L’Inde pourrait, à l’inverse, bénéficier d’une reprise plus rapide en raison des impacts plus faibles du Covid-19 et des avantages découlant de tous les éléments listés dans le tableau 2. Une croissance indienne raisonnable combinée à une reprise chinoise sans délai pourrait être le scénario le plus optimiste – ces pays ont tous les deux des taux de croissance rapides malgré la pandémie et sont complémentaires sur le plan commercial. Par rapport aux États-Unis ou aux autres pays du groupe, la Chine, en particulier, a un impact sur un plus grand nombre de pays moins développés. De plus, elle a une marge de manœuvre politique – pas de protestation de l’électorat concernant une démocratie sur le déclin, un faible degré de liberté politique tel que défini par Freedom House (ligne Z), et donc une capacité à faire passer en force des programmes déterminés de reprise et de libre-échange.

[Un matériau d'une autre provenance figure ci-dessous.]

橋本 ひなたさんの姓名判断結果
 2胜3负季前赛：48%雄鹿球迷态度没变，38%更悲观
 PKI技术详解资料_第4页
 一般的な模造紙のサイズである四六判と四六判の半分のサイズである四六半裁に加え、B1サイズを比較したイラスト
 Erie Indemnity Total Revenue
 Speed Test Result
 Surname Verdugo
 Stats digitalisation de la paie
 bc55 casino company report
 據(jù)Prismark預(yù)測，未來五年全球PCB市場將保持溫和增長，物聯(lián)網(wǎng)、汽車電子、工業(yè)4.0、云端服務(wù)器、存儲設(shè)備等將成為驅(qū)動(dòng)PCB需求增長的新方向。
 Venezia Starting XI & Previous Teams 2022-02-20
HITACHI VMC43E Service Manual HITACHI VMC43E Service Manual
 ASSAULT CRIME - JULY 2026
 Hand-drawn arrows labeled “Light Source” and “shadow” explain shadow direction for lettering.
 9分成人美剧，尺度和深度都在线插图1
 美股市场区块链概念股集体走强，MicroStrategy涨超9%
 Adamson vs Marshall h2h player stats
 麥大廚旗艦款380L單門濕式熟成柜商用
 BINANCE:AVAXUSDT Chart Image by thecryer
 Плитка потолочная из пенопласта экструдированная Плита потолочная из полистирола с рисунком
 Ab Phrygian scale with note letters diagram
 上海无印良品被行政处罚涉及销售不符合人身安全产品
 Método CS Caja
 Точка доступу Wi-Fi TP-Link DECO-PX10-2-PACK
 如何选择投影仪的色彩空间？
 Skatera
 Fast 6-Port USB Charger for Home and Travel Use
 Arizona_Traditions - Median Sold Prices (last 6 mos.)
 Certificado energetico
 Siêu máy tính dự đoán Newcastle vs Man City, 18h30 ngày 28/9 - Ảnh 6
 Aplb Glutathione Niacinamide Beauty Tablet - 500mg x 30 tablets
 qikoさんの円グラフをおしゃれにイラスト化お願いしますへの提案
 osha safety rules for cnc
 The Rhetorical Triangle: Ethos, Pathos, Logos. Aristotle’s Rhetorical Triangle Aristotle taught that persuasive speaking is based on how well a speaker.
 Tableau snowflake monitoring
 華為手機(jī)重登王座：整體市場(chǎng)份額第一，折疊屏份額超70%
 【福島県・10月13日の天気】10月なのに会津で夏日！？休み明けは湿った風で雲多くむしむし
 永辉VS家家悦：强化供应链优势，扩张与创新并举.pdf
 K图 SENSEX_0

Enfin, dans cette situation extrêmement complexe, il est possible que la guerre commerciale entre les États-Unis et la Chine monte d’un ton et passe d’une simple dualité à un clivage global entre, d’un côté, la pression américaine pour un protectionnisme international et, de l’autre, l'exigence chinoise d'un libre-échange mondialisé.

Le professeur Ian Inkster, historien et économiste politique à la School of Oriental and African Studies de l'Université de Londres, a enseigné et effectué des travaux de recherche dans diverses universités en Grande-Bretagne, en Australie, à Taïwan et au Japon. Il est l’auteur de 13 ouvrages sur les dynamiques asiatiques et mondiales, avec un accent particulier sur le développement industriel et technologique. Il est aussi le rédacteur en chef de la revue académique History of Technology depuis l’an 2000. Ses livres à paraître sont Distraction capitalism : The World since 1971 (traduction libre : Le Capitalisme de la distraction : le monde depuis 1971) et Invasive technology and indigenous frontiers. Case studies of accelerated change in History (traduction libre : Technologies invasives et frontières autochtones, études de cas de l'accélération du changement à travers l'Histoire), en collaboration avec David Pretel.